As already indicated, I am here faced
with two mutually destructive versions of the incident in question.
The version of the plaintiff
is irreconcilable with that of the
defendant. Accepting the one means of necessity a rejection of the
other.
[12].
In deciding where the truth lies, I have
to have regard to the probabilities. And in that regard, there are a
number of discrepancies
in the evidence of Mr Komako. So, for
example, previously inconsistent statements by him were highlighted.
His
viva voce
evidence was that the train did not stop at Croesus station, whereas
in his particulars claim, it was stated that the incident
happened
when the train moved off from the said station.
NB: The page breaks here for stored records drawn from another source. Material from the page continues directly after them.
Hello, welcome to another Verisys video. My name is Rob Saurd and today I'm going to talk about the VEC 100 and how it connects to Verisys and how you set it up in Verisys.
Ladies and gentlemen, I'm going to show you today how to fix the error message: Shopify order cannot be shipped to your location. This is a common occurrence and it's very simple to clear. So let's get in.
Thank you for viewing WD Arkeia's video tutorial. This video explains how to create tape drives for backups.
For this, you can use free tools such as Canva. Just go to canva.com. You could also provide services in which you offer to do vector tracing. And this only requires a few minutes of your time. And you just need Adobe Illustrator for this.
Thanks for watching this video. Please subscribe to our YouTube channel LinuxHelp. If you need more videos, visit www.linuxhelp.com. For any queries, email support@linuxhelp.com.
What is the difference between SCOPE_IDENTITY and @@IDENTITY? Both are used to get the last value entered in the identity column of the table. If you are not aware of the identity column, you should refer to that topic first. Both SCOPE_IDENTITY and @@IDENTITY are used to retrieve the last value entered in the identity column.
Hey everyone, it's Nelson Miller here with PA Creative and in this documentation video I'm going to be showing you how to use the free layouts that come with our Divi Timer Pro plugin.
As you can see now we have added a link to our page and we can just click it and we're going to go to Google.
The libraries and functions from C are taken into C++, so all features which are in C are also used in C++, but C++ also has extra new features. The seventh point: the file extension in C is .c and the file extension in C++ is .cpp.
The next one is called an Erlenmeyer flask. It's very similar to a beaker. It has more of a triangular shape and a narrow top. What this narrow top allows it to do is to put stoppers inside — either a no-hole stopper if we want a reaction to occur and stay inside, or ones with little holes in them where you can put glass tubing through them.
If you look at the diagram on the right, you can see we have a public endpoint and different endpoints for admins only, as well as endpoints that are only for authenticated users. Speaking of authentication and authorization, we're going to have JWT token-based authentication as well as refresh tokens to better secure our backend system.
Also, in his
narration to one of the experts, he stated that he was in
fact pushed
off the train by another passenger, who had lost his balance. There
can be little doubt that these statements by Mr
Komako – at
different points in time since the incident – are materially
contradictory, the one of the other.
[13].
What is more though is that, all things
considered, the plaintiff’s version seems to me to be an
inherently improbable one.
His version that he was pushed off the
train onto the platform and then inexplicable landed on the space
between the platform and
the railway tracks, makes very little, if
any sense. In my view, this sequence of events is a physical
impossibility, especially
if regard is had to the common cause fact
that there would have been insufficient space between the train and
the platform for
a person to fall onto the floor beneath the
platform. Moreover, his version that he was jostled out of the train
onto the platform
by other passengers, suggests that his momentum
would have propelled him away from the train and not back towards the
train. The
sum total of the aforegoing is that the plaintiff’s
version is inherently improbable and for that reason alone, it stands
to be rejected.
[14].
There are further inconsistencies and
discrepancies in the version of the plaintiff, which, as submitted by
Mr Opperman, who appeared
on behalf of the defendant, do not explain
how Mr Komako was the only passenger in the confusion, who fell off
the train. In fact,
no other commuters were injured in the incident.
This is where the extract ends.